From AGC – Andrew Tepper discussess ATITDII
While at the Austin Gaming Conference I met with Andrew Tepper, the mastermind behind A Tale in the Desert (ATITD) and upcoming Alvin Maker, based on the books by Orson Scott Card. “Teppy” and I talked about the present condition of ATITD and what was in store for the game in the near future.
A Tale in the Desert is one of the few MMOs that has a start and an end. The game can be won — or lost, depending on the actions of the players. Players must work together to complete the Monument of Architecture, Art, Body, Conflict, Leadership, Thought, and Worship. Each monument requires the help of many people of varying ranks in their respected discipline. If all the monuments are not constructed before time is up, players lose.
Whether the game is lost or won, once it is over it starts again. Each cycle is called a Tale, and Egypt is currently in its second Tale. 39 out of the 49 tests have been released; all are coded except the Test of Fountains.
The monuments have another effect on Egypt — each monument team had to come up with a new test to be used in the next tale. With seven out of the eight player created tests already in the game, Andrew Tepper is very happy about how the system is working out. He describes most of the tests as “excellent.”

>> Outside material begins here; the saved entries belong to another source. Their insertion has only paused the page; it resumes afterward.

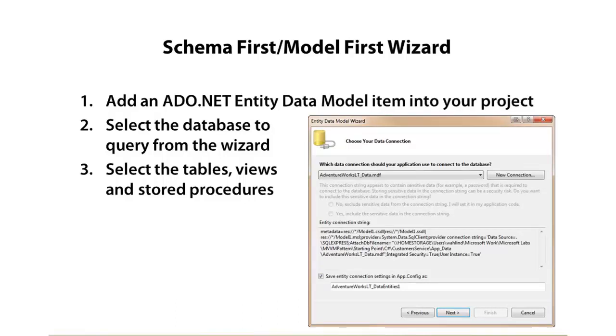Now you could also choose LINQ to SQL. That is another model option that's available. But because I did Entity Framework for the dynamic data project created earlier, we're going to go ahead and go that route.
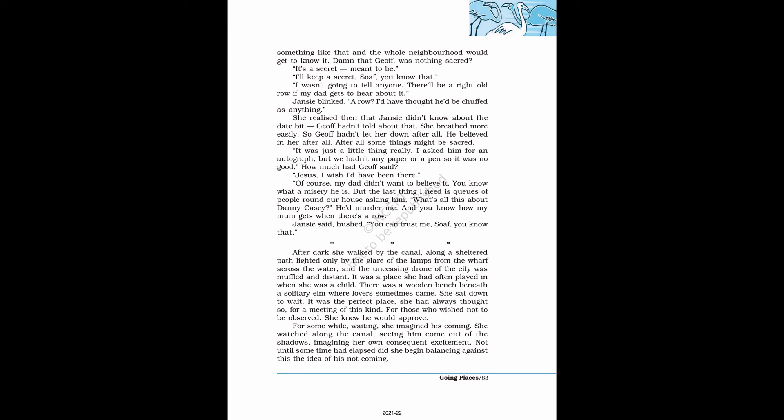After dark she walked by the canal, along a sheltered path lighted only by the glare of the lamps from the wharf. It was a place she had often played in when she was a child. There was a wooden bench beneath a solitary elm where lovers sometimes came. She sat down to wait. It was the perfect place for a meeting of this kind, for those who wished not to be observed. She knew he would approve. For some while, waiting, she imagined his coming.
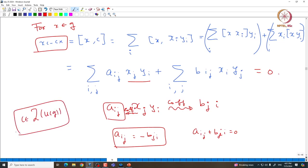We will use this information — that the Casimir element lies in the center — in order to prove complete reducibility. I will stop here, and we will start the proof of complete reducibility in the next class. Thank you.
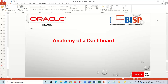Good evening everyone, welcome to BISB Solutions. This is Farha Alam, and in this tutorial series we are learning about the OTBI reporting tool. In our previous session we covered many important things about OTBI, and today's video is going to be focused on explaining the anatomy of a dashboard — what components are part of the dashboard.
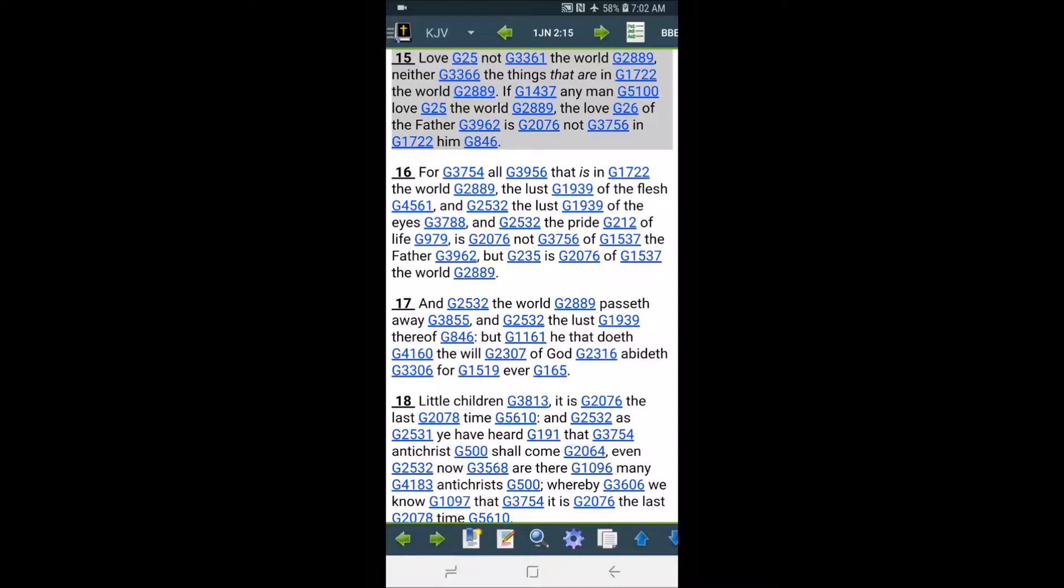And he said, if any man loves the world, the love of the Father is not in him. Right. And the reason why is because they too distracted. And what happened is, that's how we ended up going into captivity. It's because our people have been distracted in this world for a long time with these heathens.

Lately, though, a lot of Tepper’s energy has been put into preparations for Tale 3. While a lot of ATITD’s content is played by ear, so to speak, Andrew is trying to get as much ready for the next tale as possible. For example, while at the small but extremely interesting Ludium conference, Andrew and a group of six others came up with new ideas for the marriage test in ATITD.

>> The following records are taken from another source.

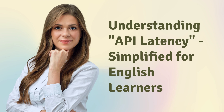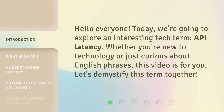Hello everyone, today we're going to explore an interesting tech term: API latency. Whether you're new to technology or just curious about English phrases, this video is for you. Let's demystify this term together.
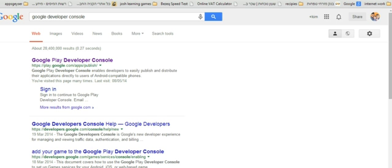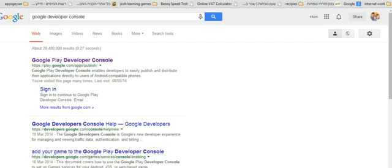Log into your Gmail account and go to Google Developer Console to create a developer account. Please remember it may take up to 24 hours for the account to become active.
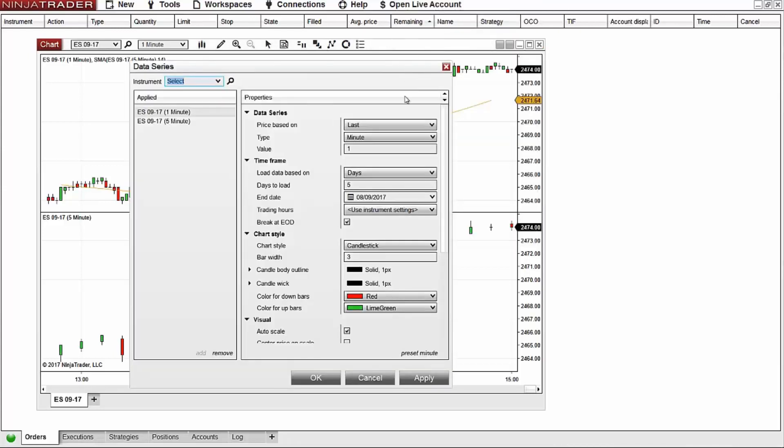Next I'll change the candle color for body outline, down bars, up bars, and candle wick to transparent.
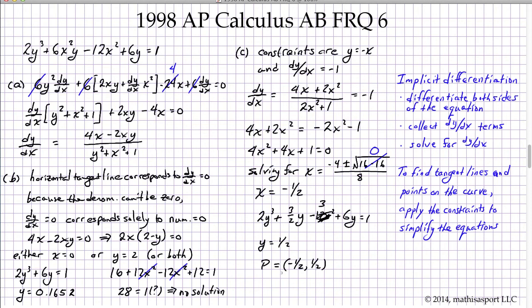What's challenging about this problem is Parts B and C. The key is going back to the original equation for the derivative and the original curve equation, and applying the given constraints to simplify them. Those simplified equations can often be solved numerically or by factoring and using the quadratic formula. Since these operations involve many steps, it's important to check each step before proceeding.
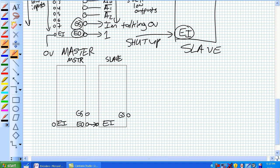So now what's happening here, let's say there's some valid low input, 0 volts is coming in here. This GS is going to say 0 volts, hey I'm talking, the master's talking, and this EO is going to go high and basically disabling our slave. So this is disabled, and our GS right here is going to be 1, saying I'm not talking.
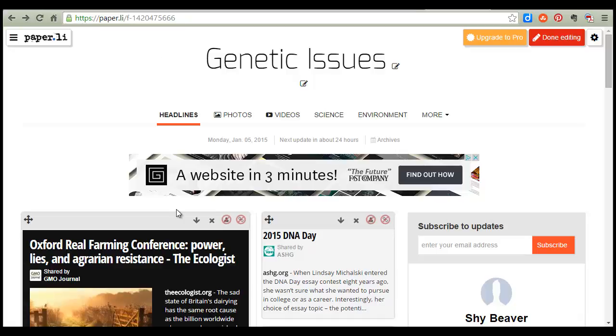Then paste that into an email or wherever you'd like them to share the URL. This is a great way of teaching your students how to curate content, a great way to create a classroom newspaper or a school newspaper. I just wanted to show you that tool — I hope you have fun with it.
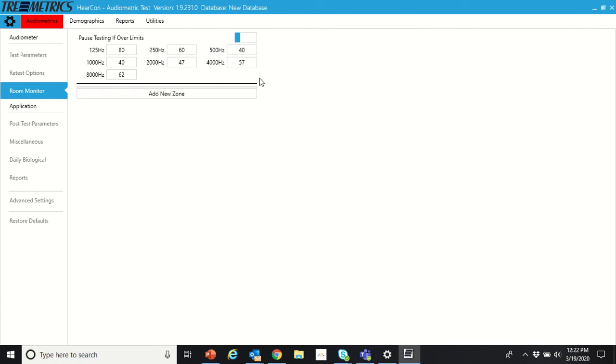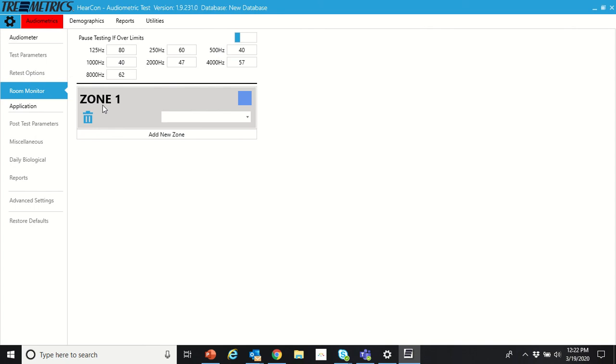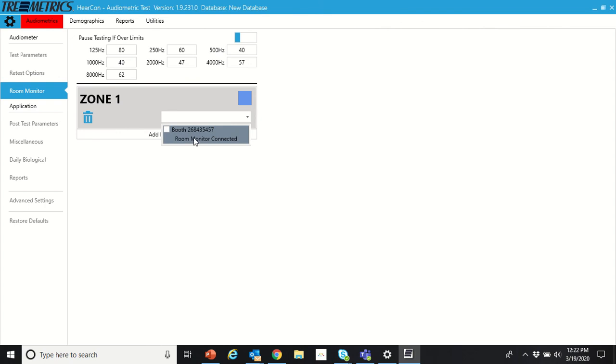To actually turn on the feature, we go to add zone. Zone one, we have a dropdown here. We have our booth and then room monitor connected. It's showing room monitor connected because it's picking up the microphone from the audiometer. We can click in there. Now we have zone one turned on.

In Tales 1 and 2, marriage was an easy test to pass, but you could not be divorced and your spouse had some very intrusive powers. Not only did they have access to all of your private buildings, including storage, but if you were not online they could log into your character via a built in menu. Marry the wrong person and you could end up in the middle of the desert with an inventory full of concrete and no travel time.

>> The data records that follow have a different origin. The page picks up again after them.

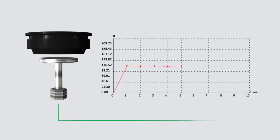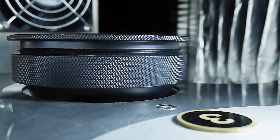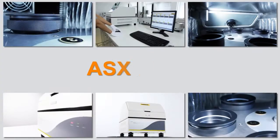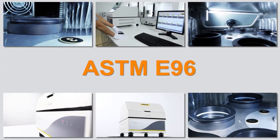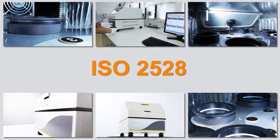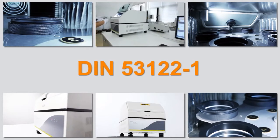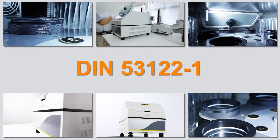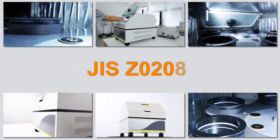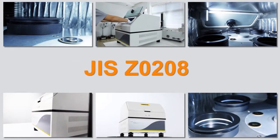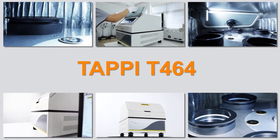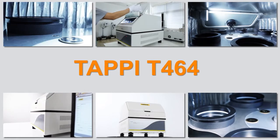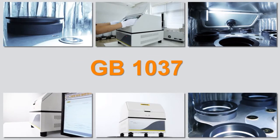The testing principle complies with ASTM E96, ISO 2528, DIN 531221, JIS Z0208, TAPPI T464, GB1037, YBB 0009-2003 and other standards.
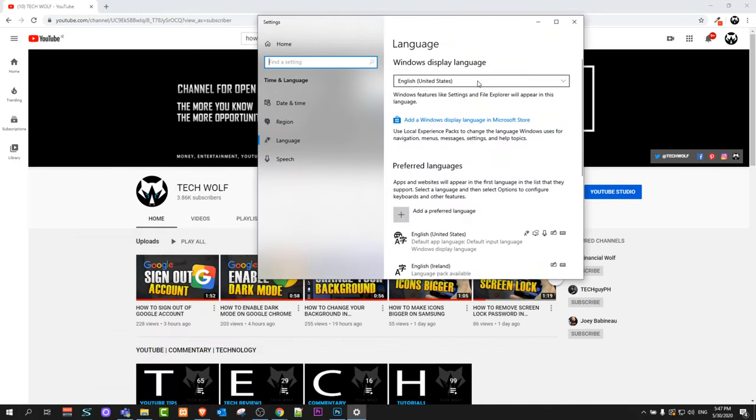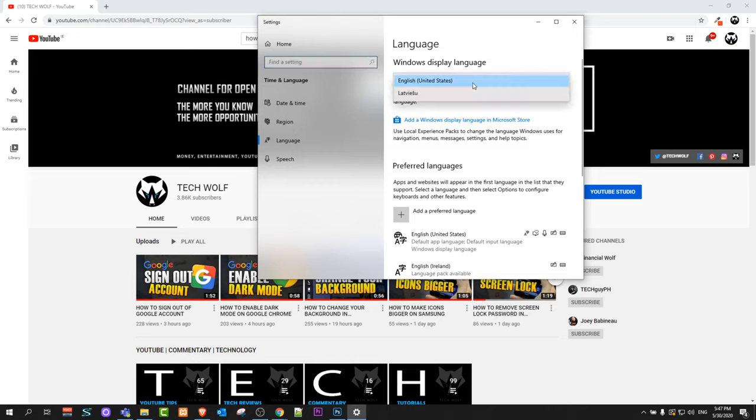To select the language of your computer, you can use the Windows Display Language dropdown. Currently it is English. You can select it here.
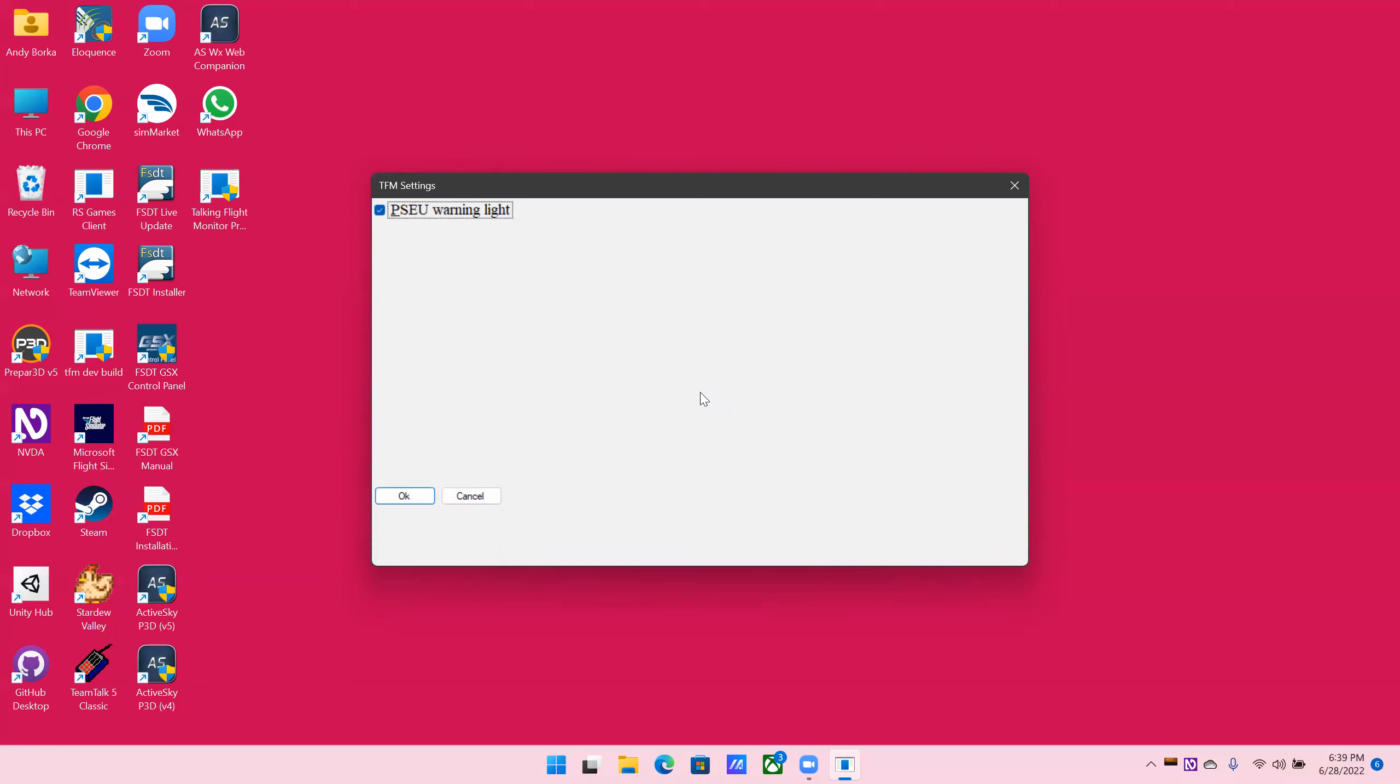Now this only has one check box on it, because there's only one indicator on that panel. Again, these are speech event settings. So if you uncheck the box and save, it will not announce that particular control or indicator. If you check the box and press save, it will announce the indicator or control.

Another important aspect of Tale 3 will be reusable events. Throughout Tale 1 and 2 all events had to be triggered and compiled by hand. To rerun the same event, hours of coding would have to be checked and relearned. This meant less events than Tepper would have wished for, as events always brought in flocks of immigrants.
For Tale 3, Andrew is working on a control panel to configure and start events. For example, the control panel can be used to trigger different food festivals. Options in the control can decide what type of event it is: a mutton festival, a watermelon festival, a meat festival, a vegetable festival, etc. While this means that many of the events will have the same format, at least there will be more events! This tool will be usable by the event team.
Other than that, there wasn’t much that “Teppy” could tell me. ATITD is largely coded by ear; “I get an idea, I develop it, and it’s in the game.”
Thank you to Laura and Teppy for doing this.